I have set S3 credentials in a jceks file on hdfs, ala:

$ hadoop credential create fs.s3a.access.key -value 'xyz' -provider jceks://hdfs@hostname/path/to/jceks
$ hadoop credential create fs.s3a.secret.key -value 'abc' -provider jceks://hdfs@hostname/path/to/jceks

I have whitelisted the property hadoop.security.credential.provider.path in such a way that it can be set at connection time in the JDBC connection string between beeline and hiveserver2. In hive-site:

hive.security.authorization.sqlstd.confwhitelist.append = hadoop.security.credential.provider.path

I am trying to pass the path to the credential provide path to hiveserver2 (and map-reduce child JVMs) via the JDBC connection string, ala:

beeline -u "jdbc:hive2://hs2_hostname:port/default;principal=my/principal@REALM?hadoop.security.credential.provider.path=jceks://hdfs@hostname/path/to/jceks"

Then something quite wierd happens:

  1. I can create an external table on S3 and select from it
  2. If close the JDBC connection, reconnect, then I CANNOT select THEN create another table on S3.
  3. If close the JDBC connection, reconnect, then I CAN create another table on S3 THEN select from both tables.
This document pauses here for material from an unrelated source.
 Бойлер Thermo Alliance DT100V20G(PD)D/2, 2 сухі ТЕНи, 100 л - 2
I have looked at the DEBUG logs of HS2 and the metastore, nothing in the latter (not even an error) and not useful information in the former.
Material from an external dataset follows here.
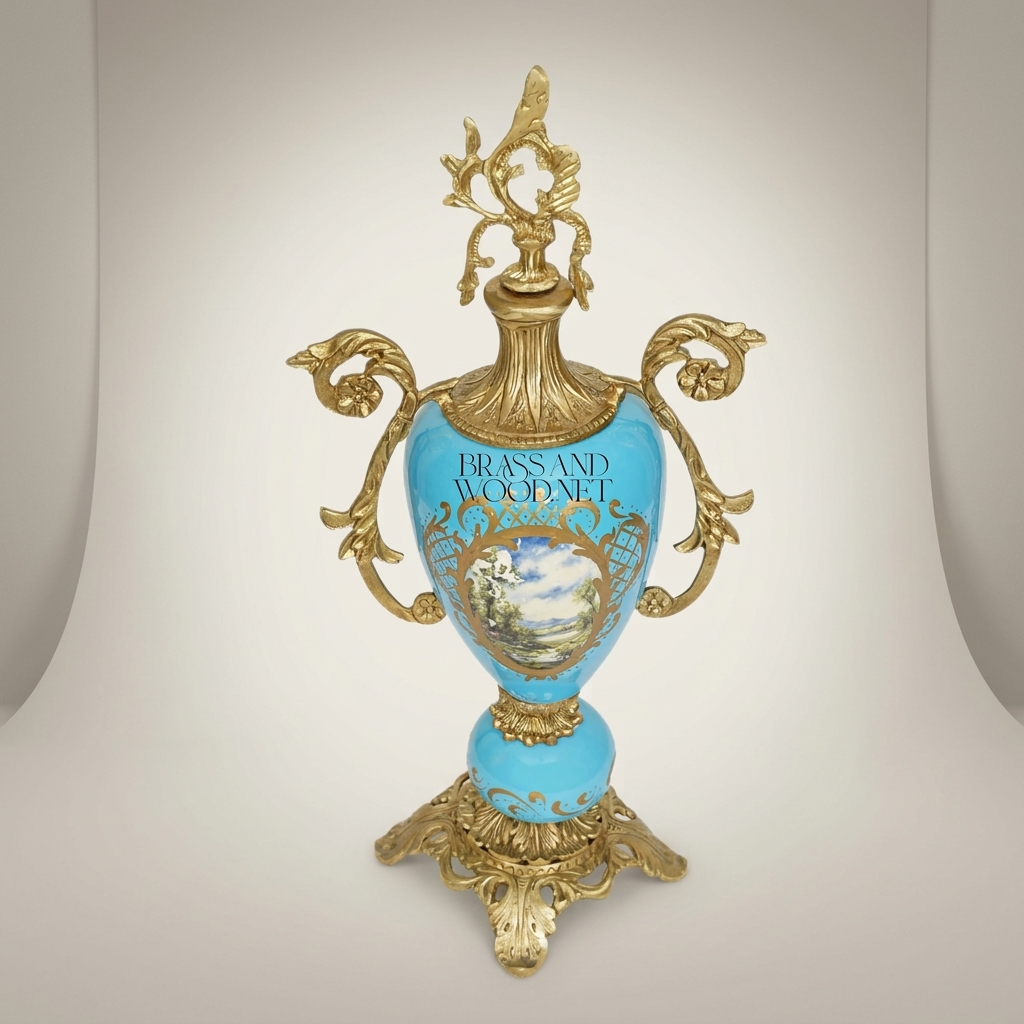 Sèvres-Style Rococo Ceramic Urn Vase with Ormolu Mounts & Hand-Painted Landscape Medallion — Antique Gold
==> Has anyone seen anything like this before?

Note, I cannot use the beeline --hiveConf flag to specify the value of hadoop.security.credential.provider.path as I will need to use this JDBC connection string in a java client which is not beeline.

See details below:

Initial table creation and select > OK

$ beeline -u "jdbc:hive2://hs2_hostname:port/default;principal=my/principal@REALM?hadoop.security.credential.provider.path=jceks://hdfs@hostname/path/to/jceks"
...

> show tables;
+-----------+--+
| tab_name  |
+-----------+--+
+-----------+--+
No rows selected (0.102 seconds)

> CREATE EXTERNAL TABLE IF NOT EXISTS test_table_on_s3_1 ( field1 string, field2 int ) row format delimited fields terminated by ',' LOCATION 's3a://mybucket/path/to/files';
No rows affected (0.798 seconds)

> show tables;
+---------------------+--+
|      tab_name       |
+---------------------+--+
| test_table_on_s3_1  |
+---------------------+--+
1 row selected (0.034 seconds)

> select * from test_table_on_s3_1;
+----------------------------+----------------------------+--+
| test_table_on_s3_1.field1  | test_table_on_s3_1.field2  |
+----------------------------+----------------------------+--+
| foo                        | 1                          |
| foo                        | 1                          |
| raph                       | 10                         |
| raph_again                 | 11                         |
| foo                        | 12                         |
| foo                        | 1                          |
| bar                        | 2                          |
| baz                        | 3                          |
+----------------------------+----------------------------+--+
8 rows selected (0.813 seconds)

> Closing: 0: jdbc:hive2://hs2_hostname:port/default;principal=my/principal@REALM?hadoop.security.credential.provider.path=jceks://hdfs@hostname/path/to/jceks

Reconnect and try to select on table previously created THEN create new table > Failed

$ beeline -u "jdbc:hive2://hs2_hostname:port/default;principal=my/principal@REALM?hadoop.security.credential.provider.path=jceks://hdfs@hostname/path/to/jceks"
...

> show tables;
+---------------------+--+
|      tab_name       |
+---------------------+--+
| test_table_on_s3_1  |
+---------------------+--+
1 row selected (0.111 seconds)

> select * from test_table_on_s3_1;
Error: Error while compiling statement: FAILED: SemanticException Unable to fetch table test_table_on_s3_1. Status Code: 403, AWS Service: Amazon S3, AWS Request ID: 1F21069CD62BBCE9, AWS Error Code: null, AWS Error Message: Forbidden (state=42000,code=40000)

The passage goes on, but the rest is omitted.